Instance method. Read information from the data fork. Use it in an array context to slurp all the data into an array of scalars:

Or use it in a scalar context to get the data piecemeal:

The NBYTES to read defaults to 2048.

read_resource [NBYTES]

Instance method. Read in all/some of the resource fork. See read_data() for usage.

Encode, high-level

encode OUT

Encode the object as a BinHex stream to the given output handle OUT. OUT can be a filehandle, or any blessed object that responds to a print() message.

The leading comment is output, using the requires() attribute.

Convert::BinHex::Bin2Hex

A BINary-to-HEX converter. This kind of conversion requires a certain amount of state information; it cannot be done by just calling a simple function repeatedly. Use it like this:

On each iteration, next() (and done()) may return either a decent-sized non-empty string (indicating that more converted data is ready for you) or an empty string (indicating that the converter is waiting to amass more input in its private buffers before handing you more stuff to output.

Note that done()always converts and hands you whatever is left.

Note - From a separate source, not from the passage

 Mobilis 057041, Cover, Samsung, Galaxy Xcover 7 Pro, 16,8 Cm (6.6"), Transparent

This may have been a good approach. It may not. Someday, the converter may also allow you give it an object that responds to read(), or a FileHandle, and it will do all the nasty buffer-filling on its own, serving you stuff line by line:

Binhex 4.0 Converter Vs

Someday, maybe. Feel free to voice your opinions.

Convert::BinHex::Hex2Bin

A HEX-to-BINary converter. This kind of conversion requires a certain amount of state information; it cannot be done by just calling a simple function repeatedly. Use it like this:

On each iteration, next() (and done()) may return either a decent-sized non-empty string (indicating that more converted data is ready for you) or an empty string (indicating that the converter is waiting to amass more input in its private buffers before handing you more stuff to output.

Note that done()always converts and hands you whatever is left.

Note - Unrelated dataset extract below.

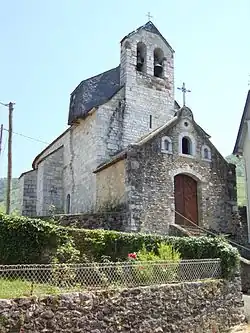 L'église Saint-Sébastien.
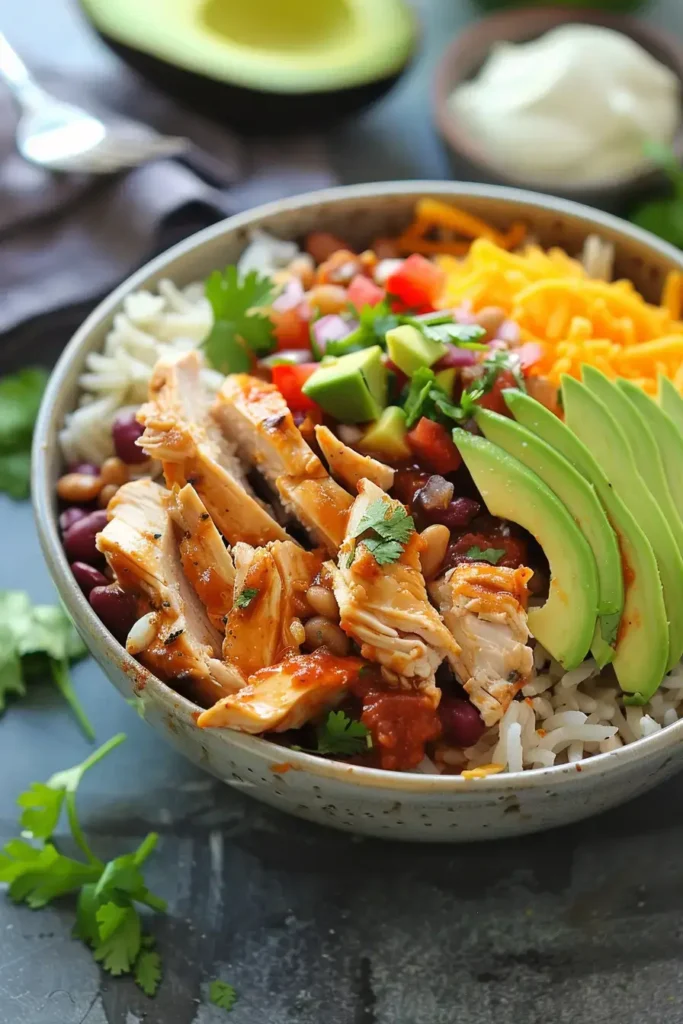 5 Ingredient Crockpot Mexican Chicken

Note that this converter does not find the initial 'BinHex version' comment. You have to skip that yourself. It only handles data between the opening and closing ':'.

Convert::BinHex::Fork

A fork in a Macintosh file.

Design issues

BinHex needs a stateful parser

Unlike its cousins base64 and uuencode, BinHex format is not amenable to being parsed line-by-line. There appears to be no guarantee that lines contain 4n encoded characters... and even if there is one, the BinHex compression algorithm interferes: even when you can decode one line at a time, you can't necessarily decompress a line at a time.

For example: a decoded line ending with the byte x90 (the escape or 'mark' character) is ambiguous: depending on the next decoded byte, it could mean a literal x90 (if the next byte is a x00), or it could mean n-1 more repetitions of the previous character (if the next byte is some nonzero n).

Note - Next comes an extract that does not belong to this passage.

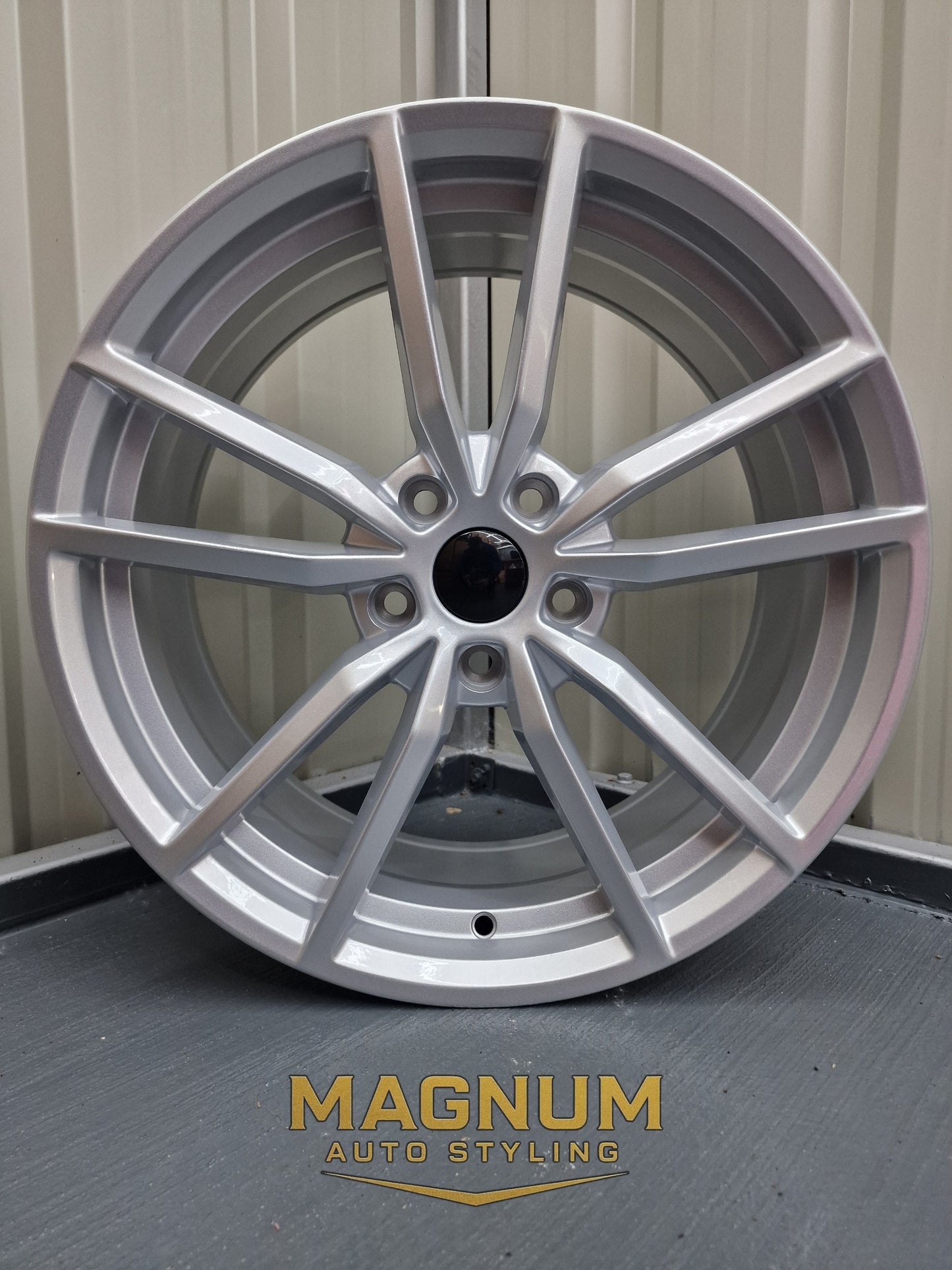 VW Golf R Pretoria Style - Quartz Silver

For this reason, a BinHex parser has to be somewhat stateful: you cannot have code like this:

unless something is happening 'behind the scenes' to keep track of what was last done. The dangerous thing, however, is that this approach will seem to work, if you only test it on BinHex files which do not use compression and which have 4n HEX characters on each line.

Since we have to be stateful anyway, we use the parser object to keep our state.

We need to be handle large input files

Solutions that demand reading everything into core don't cut it in my book. The first MPEG file that comes along can louse up your whole day. So, there are no size limitations in this module: the data is read on-demand, and filehandles are always an option.

Boy, is this slow!

A lot of the byte-level manipulation that has to go on, particularly the CRC computing (which involves intensive bit-shifting and masking) slows this module down significantly. What is needed perhaps is an optional extension library where the slow pieces can be done more quickly... a Convert::BinHex::CRC, if you will. Volunteers, anyone?

Even considering that, however, it's slower than I'd like. I'm sure many improvements can be made in the HEX-to-BIN end of things. No doubt I'll attempt some as time goes on...

How it works

Open Hckx File

Since BinHex is a layered format, consisting of...

Open Hqx File

...there is a layered parsing algorithm to reverse the process. Basically, it works in a similar fashion to stdio's fread():

The conversion-and-decompression algorithms need their own internal buffers and state (since the next input chunk may not contain all the data needed for a complete conversion/decompression operation). These are maintained in the object, so parsing two different input streams simultaneously is possible.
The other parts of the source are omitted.